QUICK AND DIRTY: LIVE FROM TALLINN
Se-jong (Lee Hyo-je) is a very timid and weak high school student. The sadistic Hyosang and his thugs bully him relentlessly. The dehumanisation is merciless. Tactics range from the more infantile (pouring liquid down his shirt in the middle of a lesson, or the occasional homophobic slur) to the more extreme (beating him to a pulp, with a sharp Stanley blade always to hand), or even the culinary (a very peculiar milk torture scene). These young man are so cruel and ruthless that not even their poor school teaches dares to mess with them. Let alone our defenceless protagonist.

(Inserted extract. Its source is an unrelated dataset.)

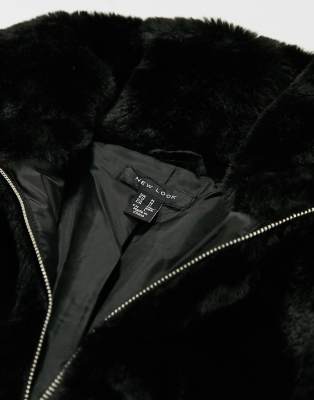 new look fur bomber jacket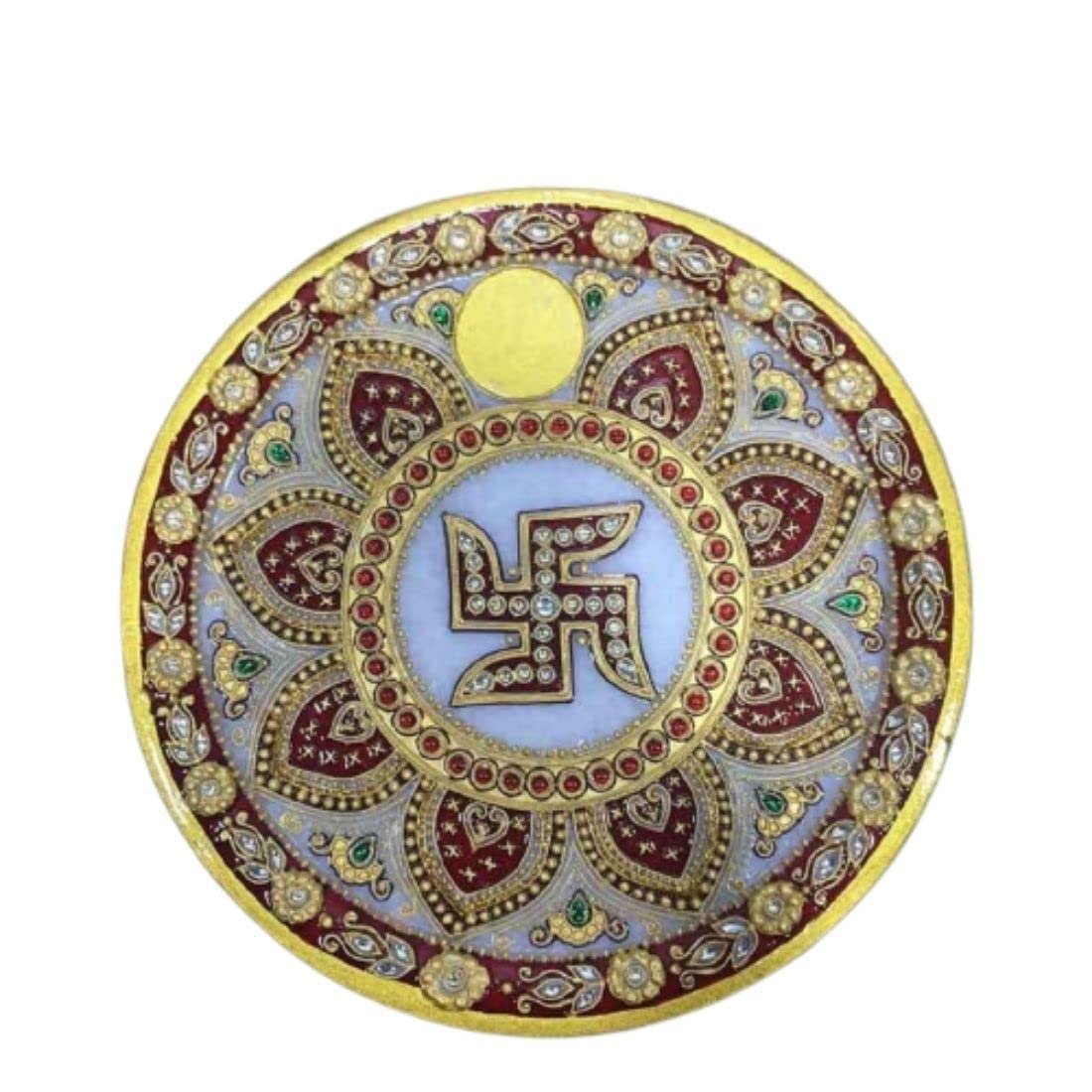 Apka Mart The Online Shop Swastik Diya Pooja Thali Marble(Multicolor) 9 Inch for Home and Office Décor/Arti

His unenviable predicament takes a turn for the worse after police find his Filipino friend Jin-soo (Jung Ji-hoon) dead, just outside his own house. They think that Se-jong may have pushed him off the building, with phone messages confirming that the two interacted briefly before the untimely death. Se-jong becomes infuriated, and then panics. “My life is a living hell”, he puts it succinctly. How could anyone doubt his innocence? After all, he’s a good guy with a big heart. Jins-soo’s mother even gave him a Filipino amulet called anting-anting as a token of their friendship.
So Se-jong reenacts the past 24 hours in his head in loop format, every single time with a different outcome. We watch Jon-soo falls to his death several times, with a little twist on each occasion. This is a familiar narrative device, used to excellent results in movie classics such The Groundhog Day (Harold Ramis, 1994) and Run Lola Run (Tom Tykwer, 1999). Sang Beom-koo’s 2024 creation is a lot less effective. The result here is silly and muddled.
Instead of nicely round, The Loop is uneven and disjointed. It is only natural that the story should not return to the same place, as each loop is intended to bring about a different denouement. The problem is that these narrative layers barely communicate, instead competing with one another. It is often impossible to determine the chronology, the narrative and the dialectical function of each scene. Some of this confusion is presumably intentional, mirroring Se-jong’s frenzied state-of-mind. Sadly, most of the attempts at storytelling inventiveness fall flat on their face. Much like Jin-soo’s lifeless body on the pavement.
The social commentary is pervasive, if a little anodyne. A padded white jacket gets repeatedly stolen, in a symbol of consumerism. The bullying itself is a criticism of class oppression. And the Filipino family reminds Koreans that prejudice is deeply ingrained in their culture (they are ordered: “go back to where you came from!”).
The other issue is that the story is so full of cliches, and the characters just so exaggerated that instead of captivating they irritate viewers. Jin-soo is a poor Filipino immigrant. Heartless loan sharks violently persecute his debt-ridden family. His father father is alcoholic and abusive. Se-jong has the sad-and-miserable-loser expression permanently printed on his face. The bad boys (and the occasional female accomplice) are super bad: they laugh maniacally while smoking cigarettes and beating the two good guys to a pulp. In one of the final scenes, Se-jong and Jin-soo cry out so loud together that they almost convulse. That’s not moving. That’s cringey.
The final resolution is predictable and lame. Just guess what is it that our weak and vulnerable victim of shocking violence uses as a corrector of injustice? Jesus wept!
The Loop just premiered in the Official Competition of the 28th Tallinn Black Nights Film Festival.